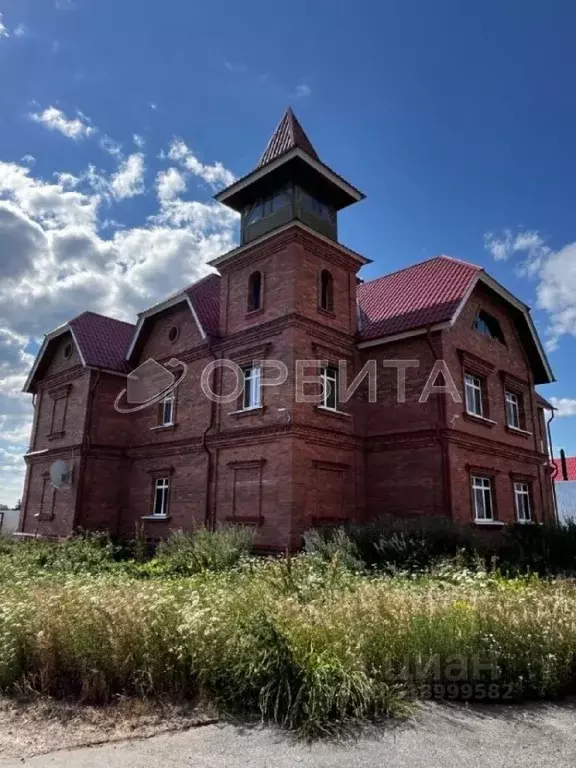 Дом в Тюменская область, Упоровский район, с. Пятково Нагорная ул., 36 ... - Фото 0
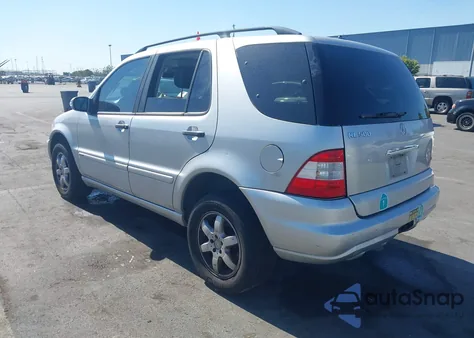 2003 Mercedes-Benz Ml 500 z USA, uszkodzony, nr VIN 4JGAB75E83A427206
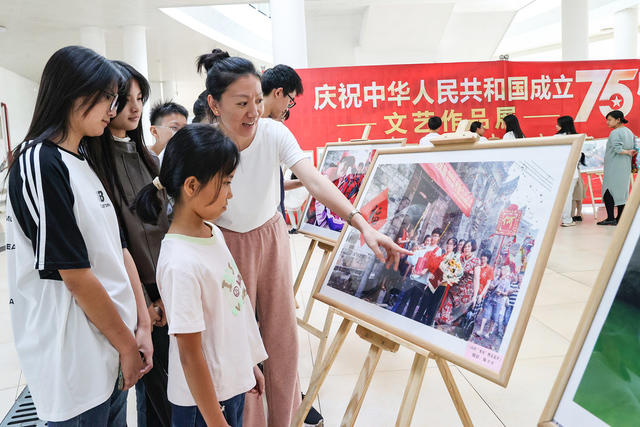 临武县--国庆艺展受青眯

**Task details:** Please produce an exact copy of the listing, omitting the pictures.

**Output of the exercise:**
 Дом в Тюменская область, Упоровский район, с. Пятково Нагорная ул., 36 ... - Фото 0
 2003 Mercedes-Benz Ml 500 z USA, uszkodzony, nr VIN 4JGAB75E83A427206
 临武县--国庆艺展受青眯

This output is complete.